[DIRECTIONS]
What is the number of lines below that include "with"? Give that number alone.

BEGIN DATA FOR THIS EXERCISE

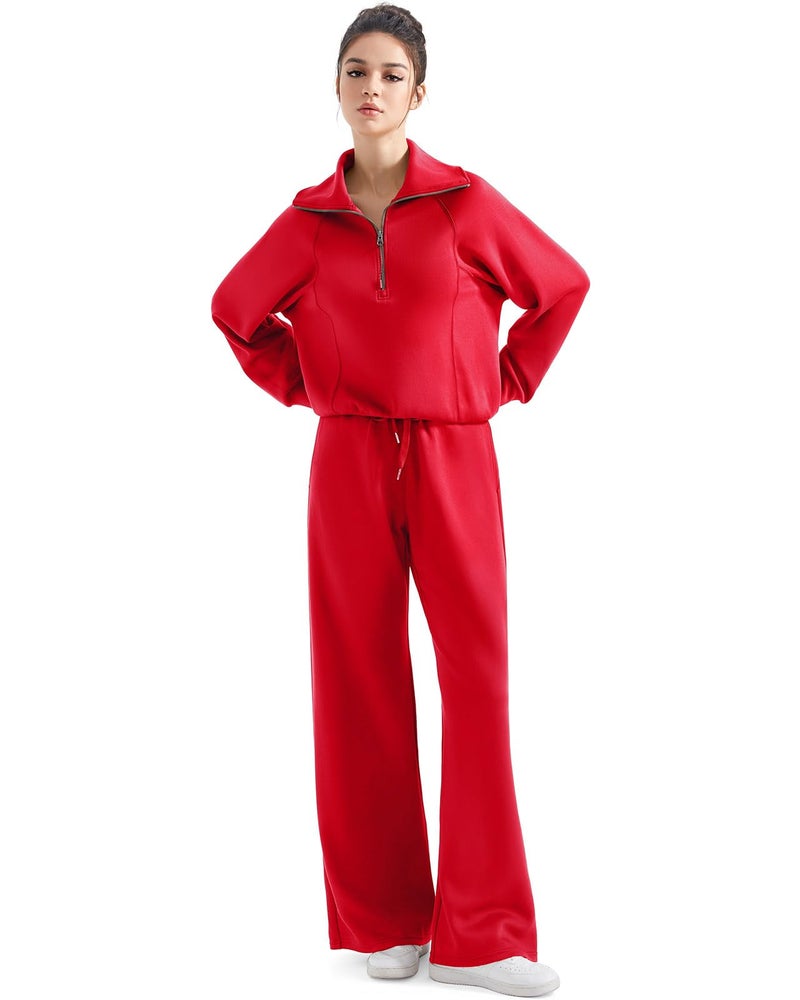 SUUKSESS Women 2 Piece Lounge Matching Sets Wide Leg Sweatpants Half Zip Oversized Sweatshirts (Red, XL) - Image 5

END DATA FOR THIS EXERCISE
BEGIN DATA FOR THIS EXERCISE

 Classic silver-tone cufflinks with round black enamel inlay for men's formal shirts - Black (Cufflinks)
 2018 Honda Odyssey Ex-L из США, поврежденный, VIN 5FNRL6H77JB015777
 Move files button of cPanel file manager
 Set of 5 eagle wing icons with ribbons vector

END DATA FOR THIS EXERCISE
BEGIN DATA FOR THIS EXERCISE

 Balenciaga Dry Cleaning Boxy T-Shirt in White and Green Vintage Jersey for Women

END DATA FOR THIS EXERCISE

[EXPECTED ANSWER]
2